Re: [LSF/MM/BPF TOPIC][RFC PATCH v4 00/27] Private Memory Nodes (w/ Compressed RAM)

From: Gregory Price

Date: Fri Jun 12 2026 - 11:29:53 EST

On Wed, Jun 10, 2026 at 04:12:52PM -0400, Gregory Price wrote:
> On Wed, Jun 10, 2026 at 08:59:59PM +0200, David Hildenbrand (Arm) wrote:
> > >
> > > I understand this question in two ways:
> > >
> > > 1) Can we disallow PAGE allocation and limit this to FOLIO allocation
> >
> > Yes. Can we only allow folios to be allocated from private memory nodes. So let
> > me reply to that one below.
> >
> ... snip ...
> >
> > At LSF/MM we talked about how GFP flags are bad and how deriving stuff from the
> > context might be better. I think there was also talk about how the memalloc_*
> > interface might be a better way forward. Maybe we would start giving the
> > allocator more context ("we are allocating a folio").
> >
> > The following is incomplete (esp. hugetlb stuff I assume), just as some idea:
> >
>
> I will still probably send the next RFC version tomorrow or friday,
> as I want to get some eyes on the __GFP_PRIVATE-less pattern.
>
> Also, I made a new `anondax` driver which enables userland testing
> of this functionality without any specialty hardware.
>

(apologies for the length of this email: this will all be covered in
the coming cover letter, but I just wanted to share a bit of a preview)

===

Just another small update - I am planning to post the RFC today once i
get some mild cleanup done. It will be based on the dax atomic hotplug

https://lore.kernel.org/linux-mm/20260605211911.2160954-1-gourry@xxxxxxxxxx/

But a couple specific details regarding the memalloc pieces that i've
learned the past couple of days playing with it.

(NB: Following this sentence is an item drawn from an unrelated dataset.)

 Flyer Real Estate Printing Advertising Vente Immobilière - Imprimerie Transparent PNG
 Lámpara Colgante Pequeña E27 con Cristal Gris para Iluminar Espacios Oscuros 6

1) memalloc_folio is required to ensure non-folio allocations don't land
on the private node, even if it happens within a memalloc_private
context. Since memalloc_folio may be useful in contexts outside of
private nodes, I kept this as a separate flag.

If we think there will *never* be additional users of memalloc_folio,
then we could fold _folio into _private to save the flag for now and
add it back when we actually need it.

2) memalloc_private is needed to unlock private nodes, but in the
original NOFALLBACK-only design, you also needed __GFP_THISNODE.

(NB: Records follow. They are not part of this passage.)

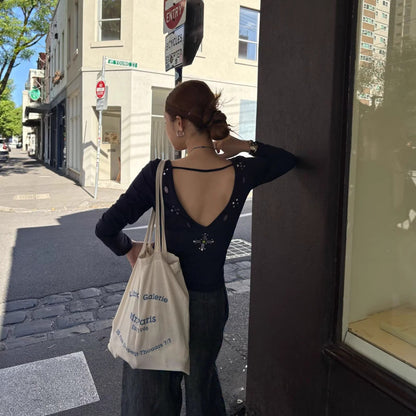 Backless sexy slim-fitting long-sleeved top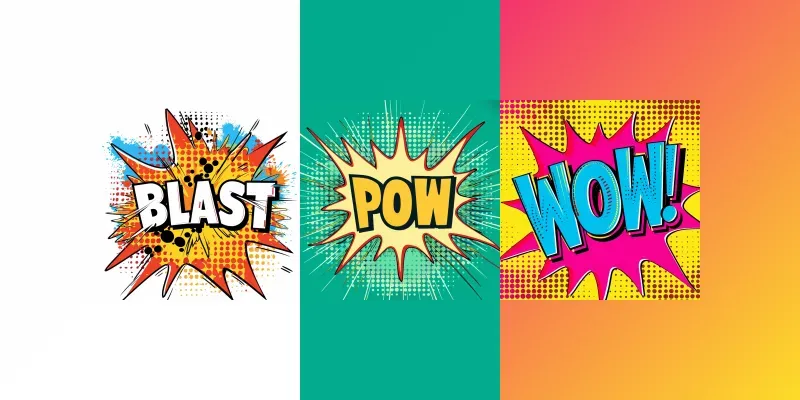 Retro Comic Style Pop Art Words generated by undefined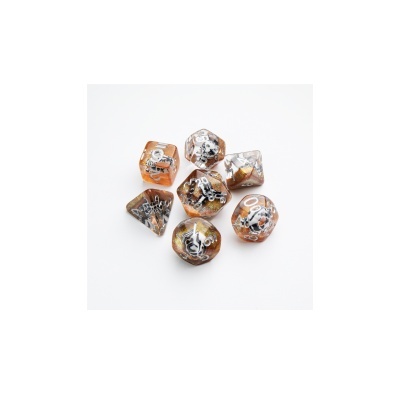 Set de sete dados poligonais translúcidos com números brancos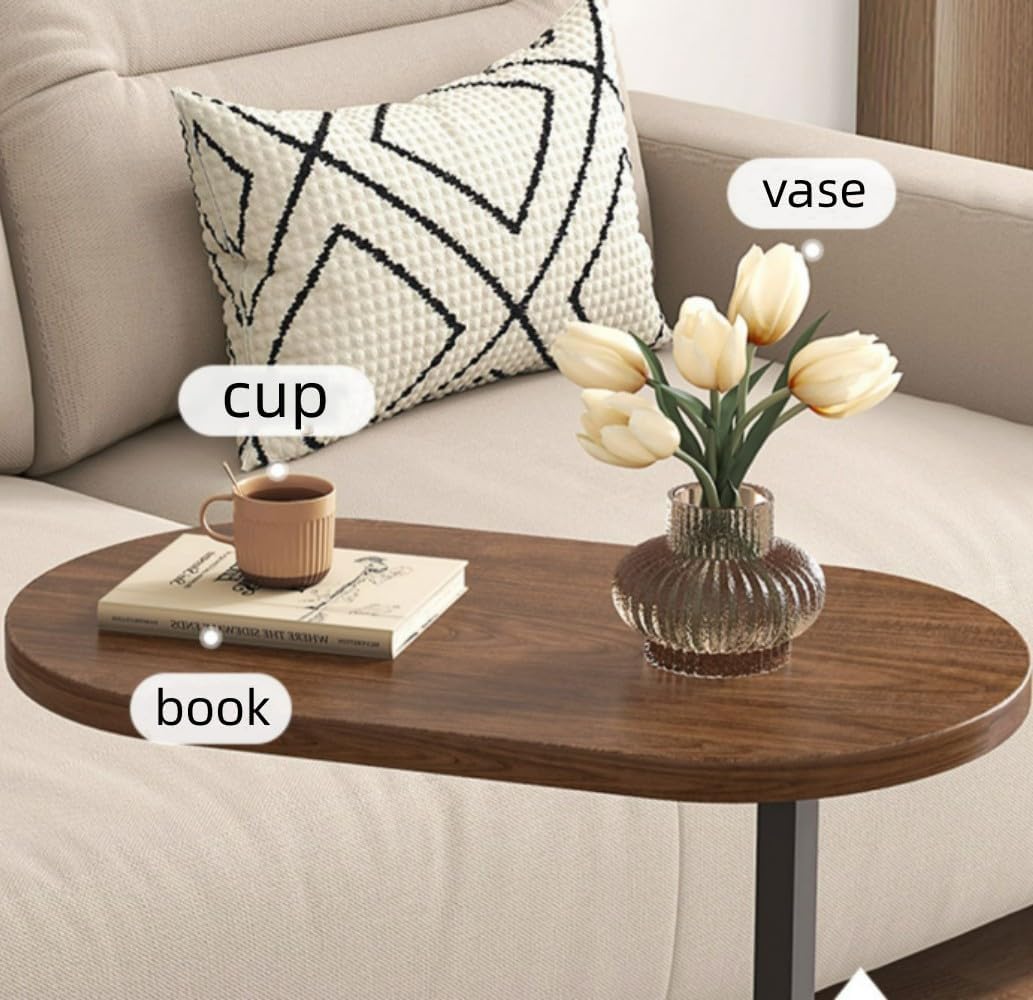 Premium Adjustable Oval Side Table – Nut Brown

This is *highly* restrictive. I found when playing with mbind that
MPOL_BIND + __GFP_THISNODE generates a WARN (valid WARN, it normally
implies a bug).

That leads me to #3

3) If a private node is opted into something like Demotion (the node is
a demotion target) or mbind(), such that normal kernel operation can
place memory there - it's *pseudo-private*, and should actually land
in it's own FALLBACK list (reachable without __GFP_THISNODE, but not
reachable as a normal fallback allocation target).

I'm still playing with this, but I think we can even omit the
__GFP_THISNODE requirement (my initial feeling that __GFP_THISNODE
didn't buy us anything in particular seems to have panned out).

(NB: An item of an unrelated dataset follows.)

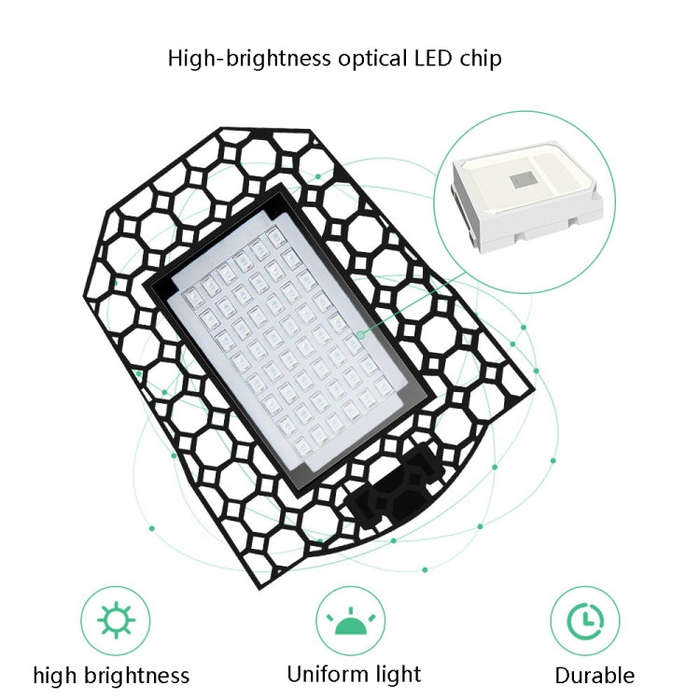 LED Garage Light Factory Warehouse Folding Four-Leaf Lamp, 100W, 120W, 150W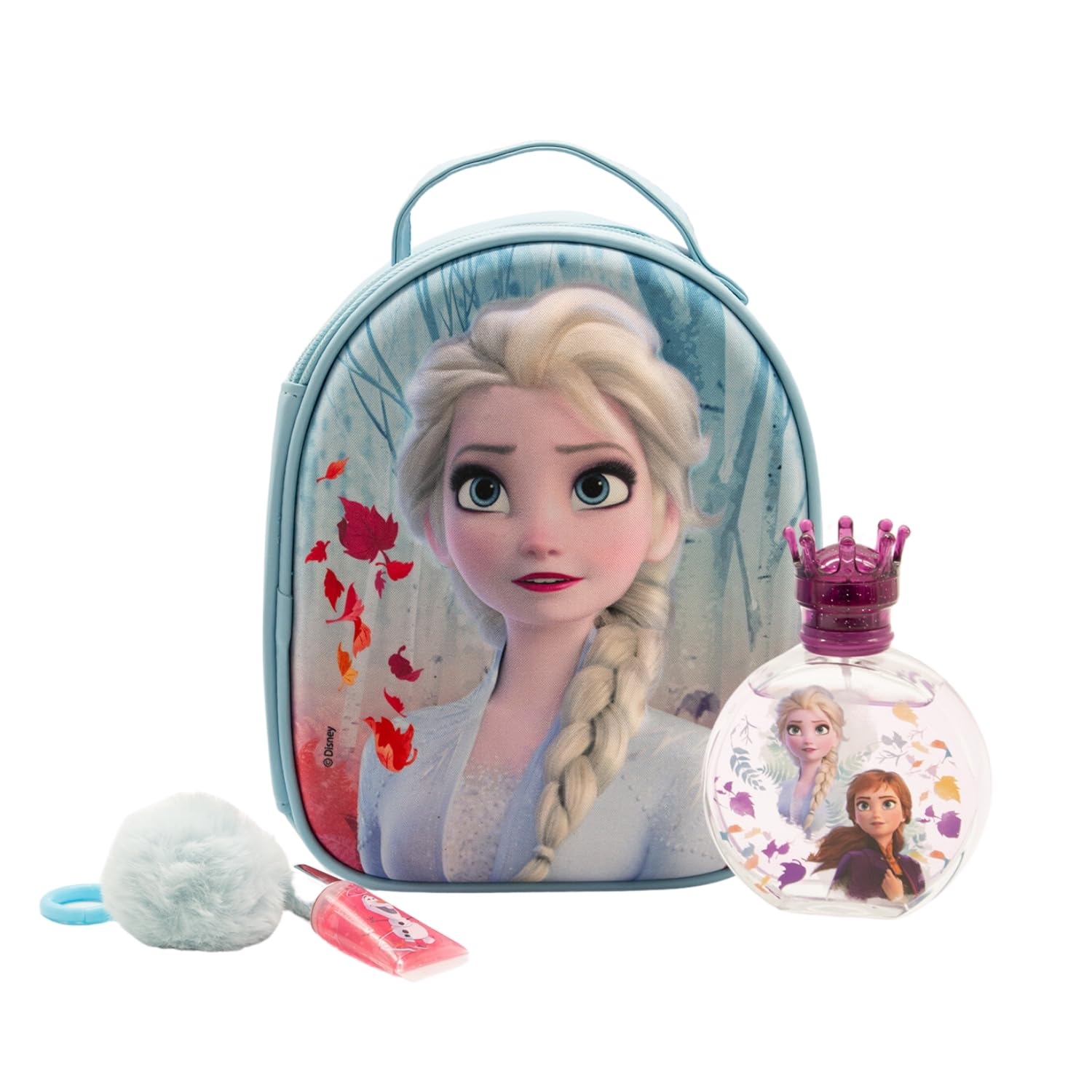Disney Frozen Perfume Gift Set for Kids, Natural Eau de Toilette Perfume Spray 100ml, 3D Zip Case & Lip Gloss with Pompom Charm, Vegan & Dermatologically Tested, Best Gift for Occasions & Daily Use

At the end of the day, this makes the whole memalloc_private_save()
pattern a heck of a lot cleaner than trying fiddle with GFP.

I think you will all enjoy how clean the code ends up, and how easily
testable it is.

As a testbed I've implement an anondax (we can discuss naming) that
adds some sample NODE_PRIVATE_OPT_* flags so you can do the following.

I'm including this in the next RFC - but we can hack the entire thing
off (including the OPT flags) if we prefer to just get the base set in
without a new driver as a start.

echo 1 > dax0.0/reclaim # kswapd and reclaim run normally on this node
echo 1 > dax0.0/demotion # it is a demotion target
echo 1 > dax0.0/mbind # mbind() can target this node for anon-vma's
echo 1 > dax0.0/madvise # allow madvise() to operate on its folios
echo 1 > dax0.0/numa_balance # allow numa balancing for this node
echo 1 > dax0.0/ltpin # allow GUP longterm pin to operate normally
echo * > dax0.0/adistance # set the adistance for hotplug time
echo * > dax0.0/hotplug # same as kmem/hotplug

This also means *existing hardware* can leverage private nodes if
they're capable of generating a dax device.

I've even gotten it such that you can put a private node above dram in
the adistance heirarchy - which means demotion flows downward from
device to CPU, but allocations don't default or fallback there.

This seems *immediately* useful for a variety of use cases.

~Gregory